◆ What the exercise asks ◆
Each record that follows goes into your reply unchanged; the pictures do not.

◆ Data to process ◆
+---+

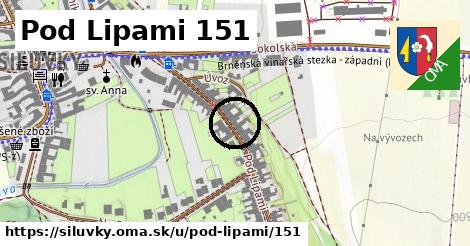 Pod Lipami 151, Silůvky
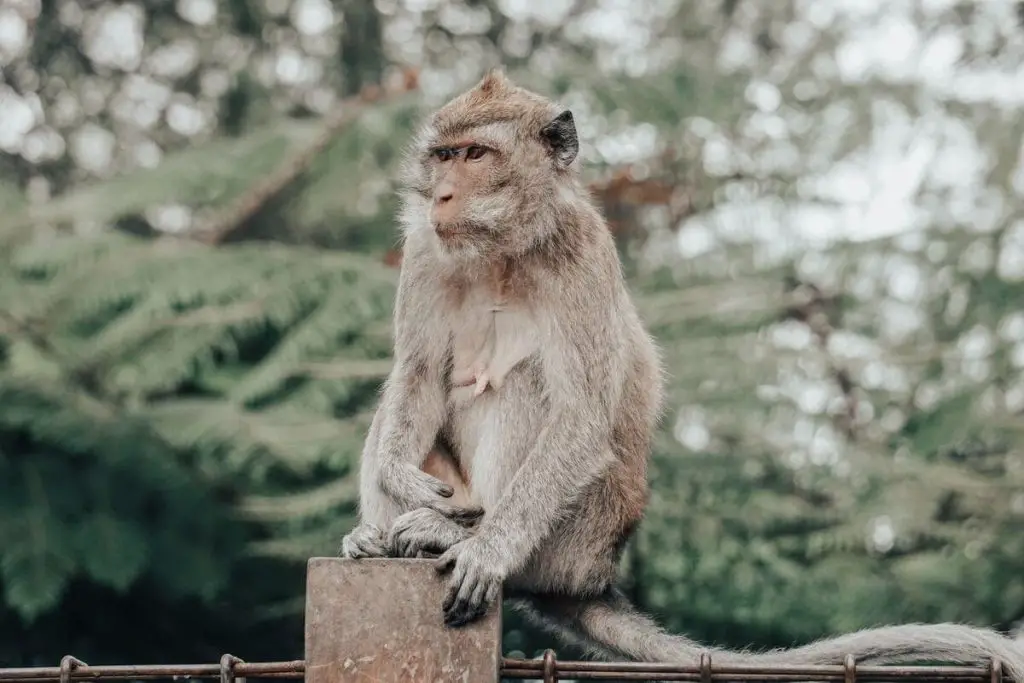 A monkey around Candi Kethek, the Monkey Temple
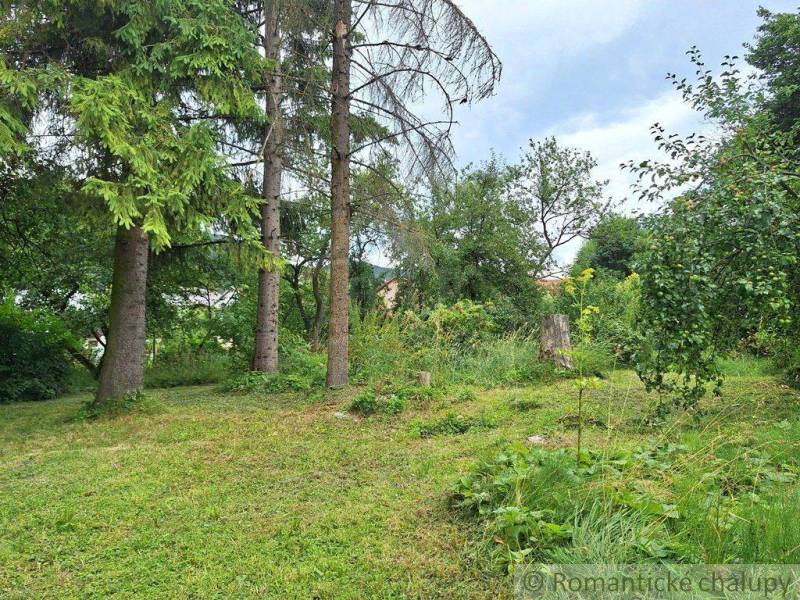 Greenery with tall trees, a meadow, and plots of land for peaceful living and overall relaxation.
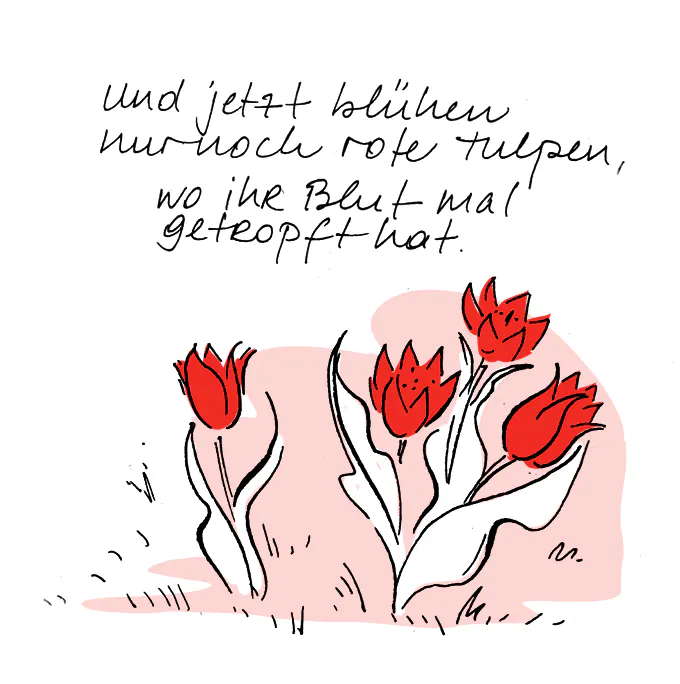 Blühende rote Tulpen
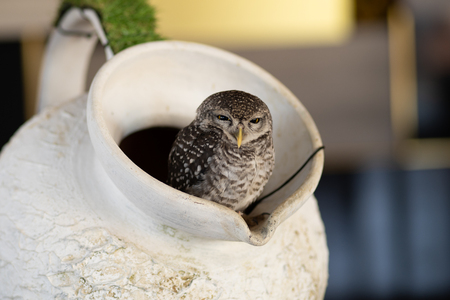 an owl that lives in a jug in a cafe. Thailand, Pattaya.の写真素材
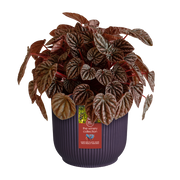 Elho The Winery Collection Round range – planted display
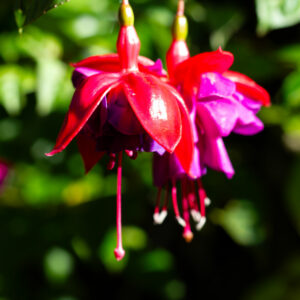 tree fuschia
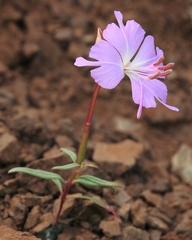 Clarkia breweri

+---+

◆ Response below ◆
 Pod Lipami 151, Silůvky
 A monkey around Candi Kethek, the Monkey Temple
 Greenery with tall trees, a meadow, and plots of land for peaceful living and overall relaxation.
 Blühende rote Tulpen
 an owl that lives in a jug in a cafe. Thailand, Pattaya.の写真素材
 Elho The Winery Collection Round range – planted display
 tree fuschia
 Clarkia breweri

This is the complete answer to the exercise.